** Task **
Nothing should differ between your output and the entries below.

** Items from a dataset **
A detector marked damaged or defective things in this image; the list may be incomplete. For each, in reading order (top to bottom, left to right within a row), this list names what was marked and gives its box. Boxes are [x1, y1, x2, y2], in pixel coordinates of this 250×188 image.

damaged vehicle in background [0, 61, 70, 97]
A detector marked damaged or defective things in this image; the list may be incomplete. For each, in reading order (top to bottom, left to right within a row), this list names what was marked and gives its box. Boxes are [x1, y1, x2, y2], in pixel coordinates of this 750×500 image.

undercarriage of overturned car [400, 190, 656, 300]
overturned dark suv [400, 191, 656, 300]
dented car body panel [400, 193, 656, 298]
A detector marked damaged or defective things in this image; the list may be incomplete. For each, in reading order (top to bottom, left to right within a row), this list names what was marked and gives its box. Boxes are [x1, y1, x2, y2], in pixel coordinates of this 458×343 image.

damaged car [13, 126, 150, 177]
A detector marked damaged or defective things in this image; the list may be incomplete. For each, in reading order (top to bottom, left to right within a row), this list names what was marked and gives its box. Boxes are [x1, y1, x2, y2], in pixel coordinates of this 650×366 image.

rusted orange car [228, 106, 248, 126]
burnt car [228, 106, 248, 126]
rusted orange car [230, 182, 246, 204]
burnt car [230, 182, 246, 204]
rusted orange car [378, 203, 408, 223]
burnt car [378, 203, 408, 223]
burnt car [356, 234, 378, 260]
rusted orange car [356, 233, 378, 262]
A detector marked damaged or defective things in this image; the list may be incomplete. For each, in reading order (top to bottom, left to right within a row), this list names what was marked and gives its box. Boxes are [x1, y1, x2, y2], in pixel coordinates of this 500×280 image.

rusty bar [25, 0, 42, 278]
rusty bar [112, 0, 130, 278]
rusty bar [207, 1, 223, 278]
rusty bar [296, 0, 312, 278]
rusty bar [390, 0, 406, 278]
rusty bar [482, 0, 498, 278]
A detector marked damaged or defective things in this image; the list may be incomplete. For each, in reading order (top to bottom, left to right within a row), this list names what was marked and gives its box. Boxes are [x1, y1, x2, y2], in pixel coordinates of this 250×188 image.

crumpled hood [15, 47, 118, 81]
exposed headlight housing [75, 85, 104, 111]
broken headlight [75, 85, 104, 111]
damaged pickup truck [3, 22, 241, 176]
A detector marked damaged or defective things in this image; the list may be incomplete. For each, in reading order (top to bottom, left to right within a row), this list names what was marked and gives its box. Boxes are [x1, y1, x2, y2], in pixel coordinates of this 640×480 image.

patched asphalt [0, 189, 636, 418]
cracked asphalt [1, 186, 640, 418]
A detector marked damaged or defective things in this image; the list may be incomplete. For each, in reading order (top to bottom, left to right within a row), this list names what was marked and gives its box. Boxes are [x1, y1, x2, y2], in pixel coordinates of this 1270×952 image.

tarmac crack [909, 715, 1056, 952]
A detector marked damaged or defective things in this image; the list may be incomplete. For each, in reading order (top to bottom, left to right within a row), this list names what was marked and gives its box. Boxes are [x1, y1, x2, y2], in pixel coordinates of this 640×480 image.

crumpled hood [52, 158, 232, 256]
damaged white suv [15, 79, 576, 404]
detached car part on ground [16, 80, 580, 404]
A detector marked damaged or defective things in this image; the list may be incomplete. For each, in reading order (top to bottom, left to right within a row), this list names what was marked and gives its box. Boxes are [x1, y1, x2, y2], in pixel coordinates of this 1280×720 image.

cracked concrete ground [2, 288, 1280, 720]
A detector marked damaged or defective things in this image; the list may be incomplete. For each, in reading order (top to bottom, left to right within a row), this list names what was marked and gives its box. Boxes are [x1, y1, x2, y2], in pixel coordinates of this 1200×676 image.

** Answer to this task **
A detector marked damaged or defective things in this image; the list may be incomplete. For each, in reading order (top to bottom, left to right within a row), this list names what was marked and gives its box. Boxes are [x1, y1, x2, y2], in pixel coordinates of this 250×188 image.

damaged vehicle in background [0, 61, 70, 97]
A detector marked damaged or defective things in this image; the list may be incomplete. For each, in reading order (top to bottom, left to right within a row), this list names what was marked and gives its box. Boxes are [x1, y1, x2, y2], in pixel coordinates of this 750×500 image.

undercarriage of overturned car [400, 190, 656, 300]
overturned dark suv [400, 191, 656, 300]
dented car body panel [400, 193, 656, 298]
A detector marked damaged or defective things in this image; the list may be incomplete. For each, in reading order (top to bottom, left to right within a row), this list names what was marked and gives its box. Boxes are [x1, y1, x2, y2], in pixel coordinates of this 458×343 image.

damaged car [13, 126, 150, 177]
A detector marked damaged or defective things in this image; the list may be incomplete. For each, in reading order (top to bottom, left to right within a row), this list names what was marked and gives its box. Boxes are [x1, y1, x2, y2], in pixel coordinates of this 650×366 image.

rusted orange car [228, 106, 248, 126]
burnt car [228, 106, 248, 126]
rusted orange car [230, 182, 246, 204]
burnt car [230, 182, 246, 204]
rusted orange car [378, 203, 408, 223]
burnt car [378, 203, 408, 223]
burnt car [356, 234, 378, 260]
rusted orange car [356, 233, 378, 262]
A detector marked damaged or defective things in this image; the list may be incomplete. For each, in reading order (top to bottom, left to right within a row), this list names what was marked and gives its box. Boxes are [x1, y1, x2, y2], in pixel coordinates of this 500×280 image.

rusty bar [25, 0, 42, 278]
rusty bar [112, 0, 130, 278]
rusty bar [207, 1, 223, 278]
rusty bar [296, 0, 312, 278]
rusty bar [390, 0, 406, 278]
rusty bar [482, 0, 498, 278]
A detector marked damaged or defective things in this image; the list may be incomplete. For each, in reading order (top to bottom, left to right within a row), this list names what was marked and gives its box. Boxes are [x1, y1, x2, y2], in pixel coordinates of this 250×188 image.

crumpled hood [15, 47, 118, 81]
exposed headlight housing [75, 85, 104, 111]
broken headlight [75, 85, 104, 111]
damaged pickup truck [3, 22, 241, 176]
A detector marked damaged or defective things in this image; the list may be incomplete. For each, in reading order (top to bottom, left to right within a row), this list names what was marked and gives its box. Boxes are [x1, y1, x2, y2], in pixel coordinates of this 640×480 image.

patched asphalt [0, 189, 636, 418]
cracked asphalt [1, 186, 640, 418]
A detector marked damaged or defective things in this image; the list may be incomplete. For each, in reading order (top to bottom, left to right within a row), this list names what was marked and gives its box. Boxes are [x1, y1, x2, y2], in pixel coordinates of this 1270×952 image.

tarmac crack [909, 715, 1056, 952]
A detector marked damaged or defective things in this image; the list may be incomplete. For each, in reading order (top to bottom, left to right within a row), this list names what was marked and gives its box. Boxes are [x1, y1, x2, y2], in pixel coordinates of this 640×480 image.

crumpled hood [52, 158, 232, 256]
damaged white suv [15, 79, 576, 404]
detached car part on ground [16, 80, 580, 404]
A detector marked damaged or defective things in this image; the list may be incomplete. For each, in reading order (top to bottom, left to right within a row), this list names what was marked and gives its box. Boxes are [x1, y1, x2, y2], in pixel coordinates of this 1280×720 image.

cracked concrete ground [2, 288, 1280, 720]
A detector marked damaged or defective things in this image; the list may be incomplete. For each, in reading order (top to bottom, left to right within a row), this list names what was marked and gives its box. Boxes are [x1, y1, x2, y2], in pixel coordinates of this 1200×676 image.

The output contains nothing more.